__EXERCISE AIM__
Restate the full listing word for word; images stay out of it.

__INPUT DATA__
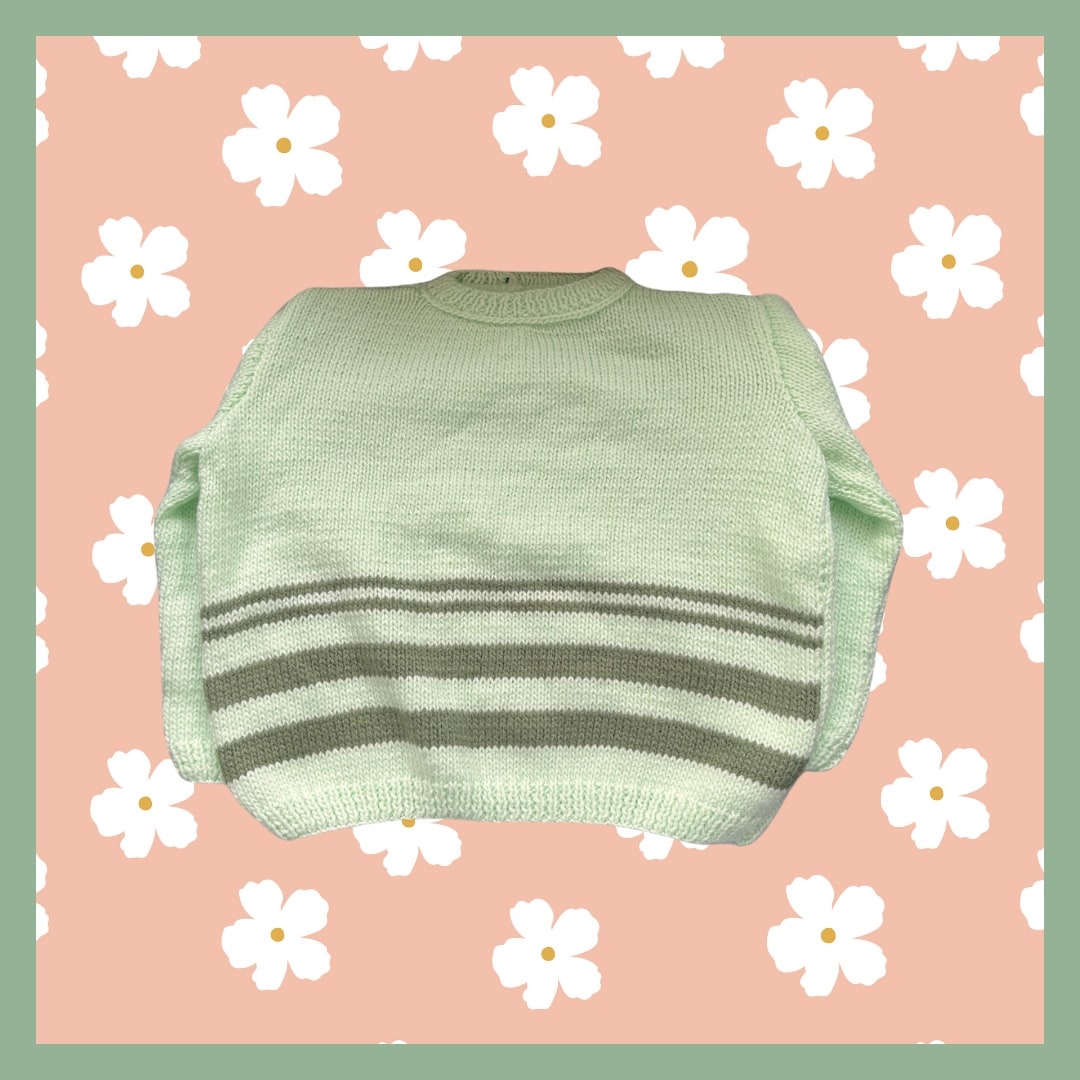 Light green striped kids sweater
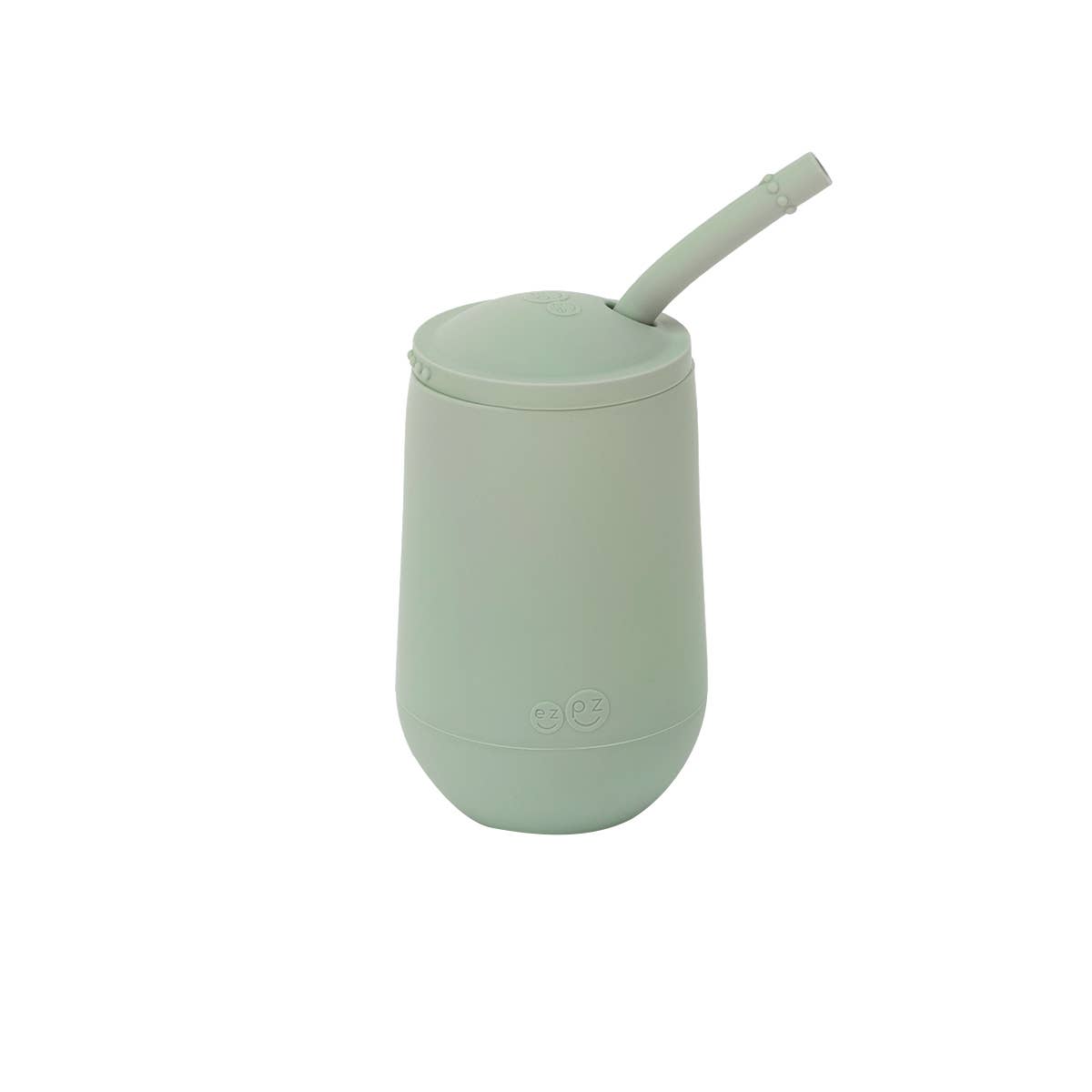 Mint green tumbler with a straw on a white background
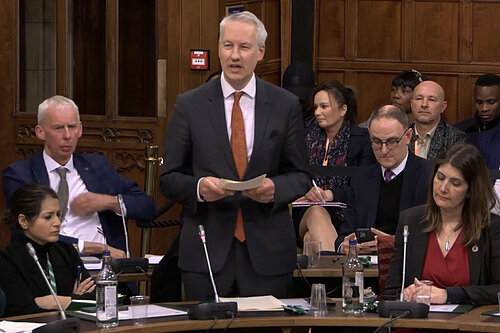 Gideon Amos MP speaking in a Parliamentary debate about the rights of overseas care workers in Taunton and Wellington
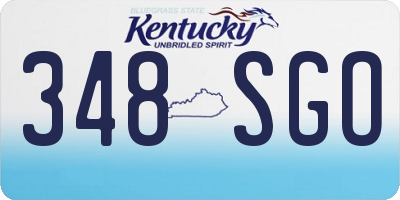 KY license plate 348SGO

__OUTPUT FOR THIS TASK__
 Light green striped kids sweater
 Mint green tumbler with a straw on a white background
 Gideon Amos MP speaking in a Parliamentary debate about the rights of overseas care workers in Taunton and Wellington
 KY license plate 348SGO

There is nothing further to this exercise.